DIY Music Guide

AI Policy

This is the policy on the use of generative AI in the editorial work for DIY Music Guide. It applies to all editorial work produced here.
The short version: DIY Music Guide is written by humans.
AI doesn’t write our stories, generate our images, or put words in anyone’s mouth. Where we do use AI tools in our workflows, we use them as we do any other tool: with standards, manual verification, and with humans making every editorial and creative decision.
If there are changes to this policy, they will be reflected here.

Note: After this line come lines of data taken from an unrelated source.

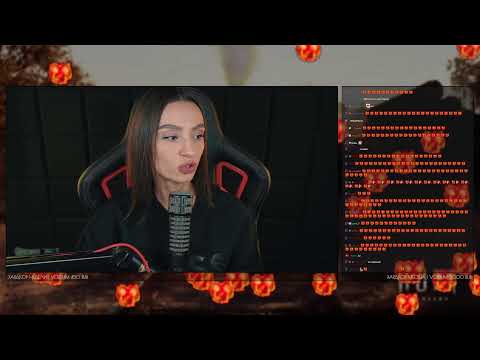 Видео: [СТРИМ] HUNT: SHOWDOWN С BRM | !РАСПИСАНИЕ | 02.04.2024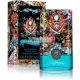 Ed Hardy Hearts & Daggers Herren Eau de Toilette 100ml
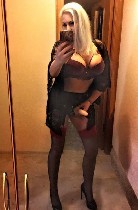 Интим-девушки, индивидуалки объявление но. 3735943: Ирина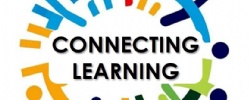 image related to #ConnectingLearning - T&L focus and CPD suite launches at Finham Park MAT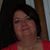 Dee Perkins's profile image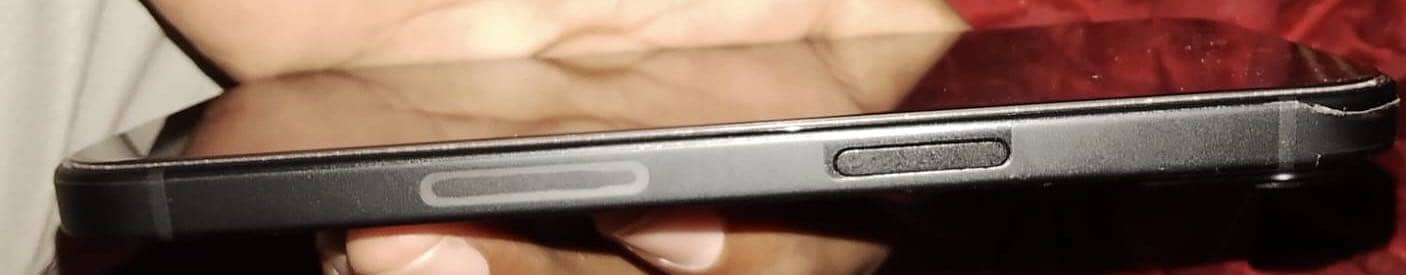 Apple iPhone 15 1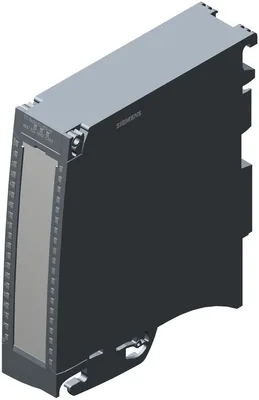 Siemens 6ES7522-1BH01-0AB0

Our journalism is human-authored

DIY Music Guide’s editorial text is written by humans. We do not use AI to generate our reporting, analysis, or commentary.
When AI output is itself the subject of reporting (for example, examining what a model produces or analyzing a system’s behavior), we may reproduce that output for demonstration or analysis. In those cases, AI-generated material is presented as exemplar material and is set apart visually, with sources clearly noted.
AI-powered tools may be used to assist with editing and workflow in ways that don’t displace human authorship, including grammar checks, style suggestions, and structural feedback. These tools can recommend changes, but only humans can make them.

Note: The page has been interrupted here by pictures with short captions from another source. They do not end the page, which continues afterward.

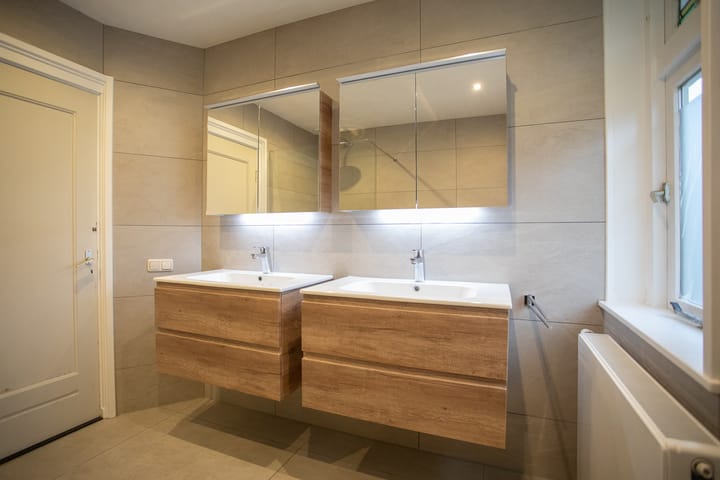 Foto 46 van Almelosestraat 32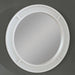 Yasmine Vanity Set - Casa Morelos / Coahuila Furniture (Oklahoma City, OK)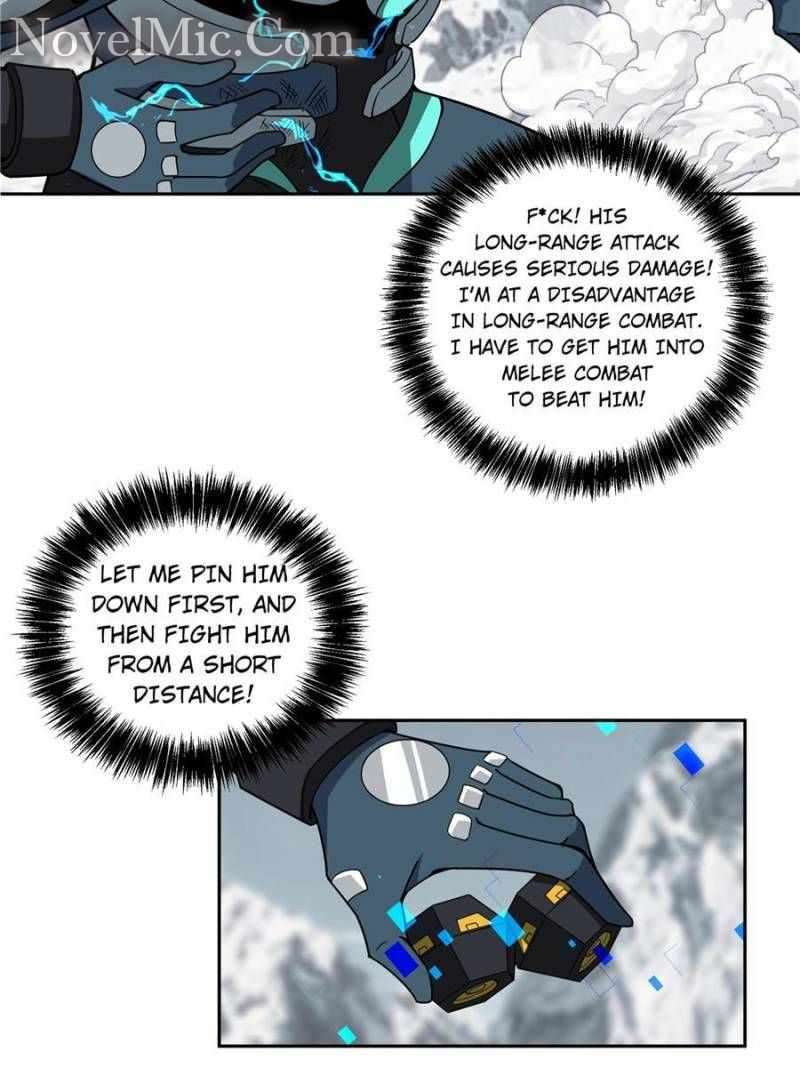 Page 27 of Chapter 200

Research and source material

Vetted and approved AI tools may be used in our workflow to assist with research, including navigating large volumes of material, summarizing background documents, and searching datasets. When these tools are used, AI output is never treated as an authoritative source. Everything is verified, manually, by a human, before publication.

When we attribute a statement, a position, or a quote to a named source, that material comes from direct engagement with interviews, transcripts, published statements, or documents reviewed by the author. AI tools are not used to generate, extract, or summarize material that is then attributed to a named source, whether as a direct quote, a paraphrase, or a characterization of someone’s views.

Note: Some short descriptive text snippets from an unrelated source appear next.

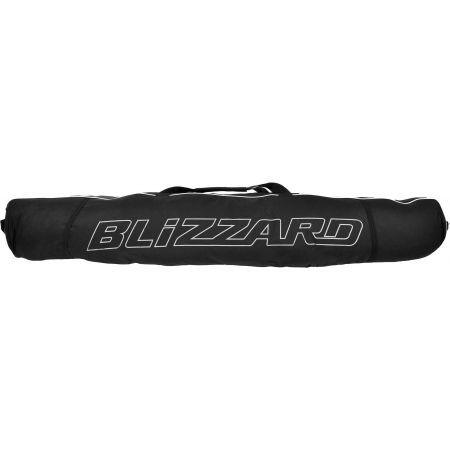 Lyžařský vak - Blizzard PREMIUM SKI BAG 2P - 1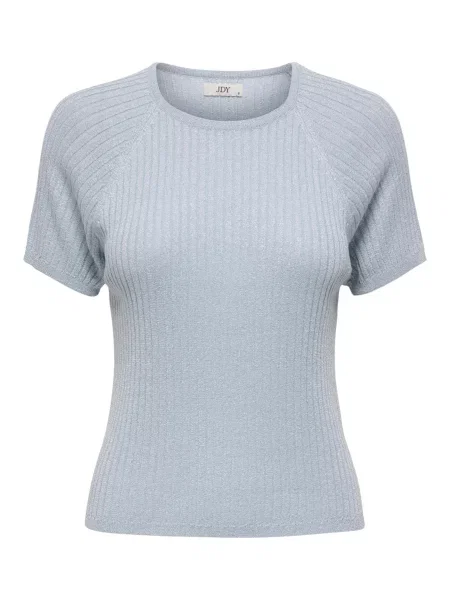 Koszulka Jacqueline De Yong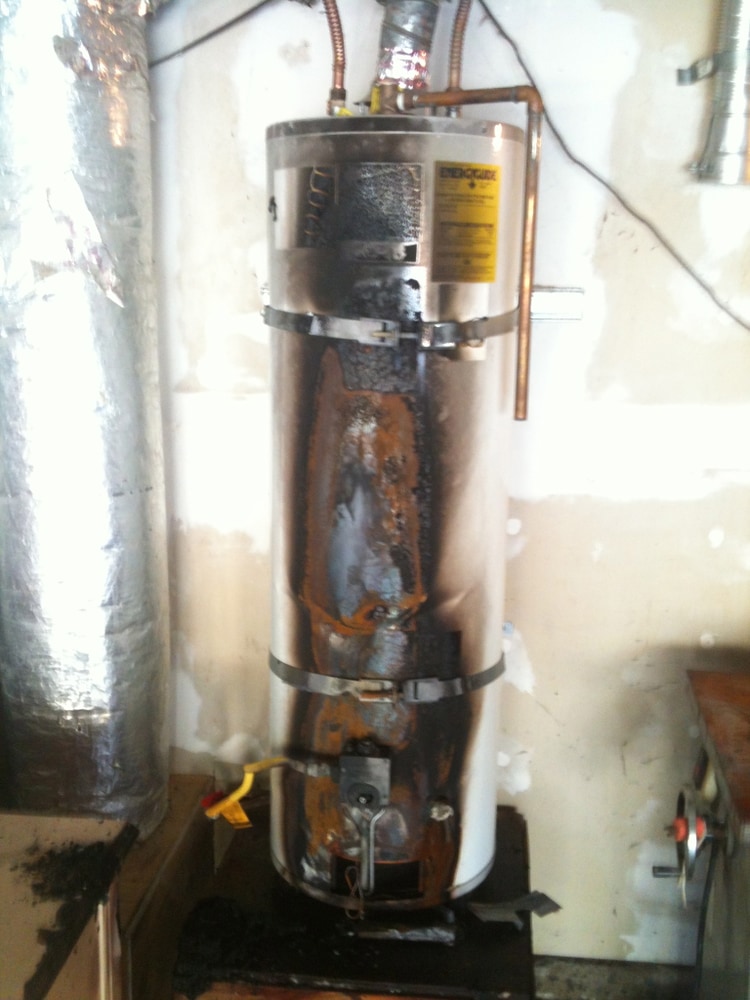 Plamen Braykov Project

We don’t publish claims based solely on AI-generated summaries, and any source material reviewed by an author must be examined directly by that author.

Every author who uses AI tools in the course of reporting a story must disclose that use, and authors remain fully responsible for their published content.

Images, audio, and video

AI tools may be used to help in the production of certain visual material (for example in standard production work like color correction, cropping, and contrast adjustments) only when the use of those tools is judged as additive to human-directed creative intent. The creative direction, creative decisions, and editorial judgments in the use of AI tools are always human-driven.
We do not knowingly publish AI-generated images, audio, or video as authentic documentation of real events. We do not alter documentary media in ways that change their meaning.
If synthetic media is used in the context of reporting on AI, it will be clearly identified as AI-generated, with that disclosure placed as close to the material as possible.

Accountability is non-negotiable

Anyone who uses AI tools in our editorial workflow is responsible for the accuracy and integrity of their resulting work. That responsibility cannot be transferred to colleagues, editors, or the tools themselves.
These standards have governed our editorial work before and since AI tooling became available. When violations occur, we take action.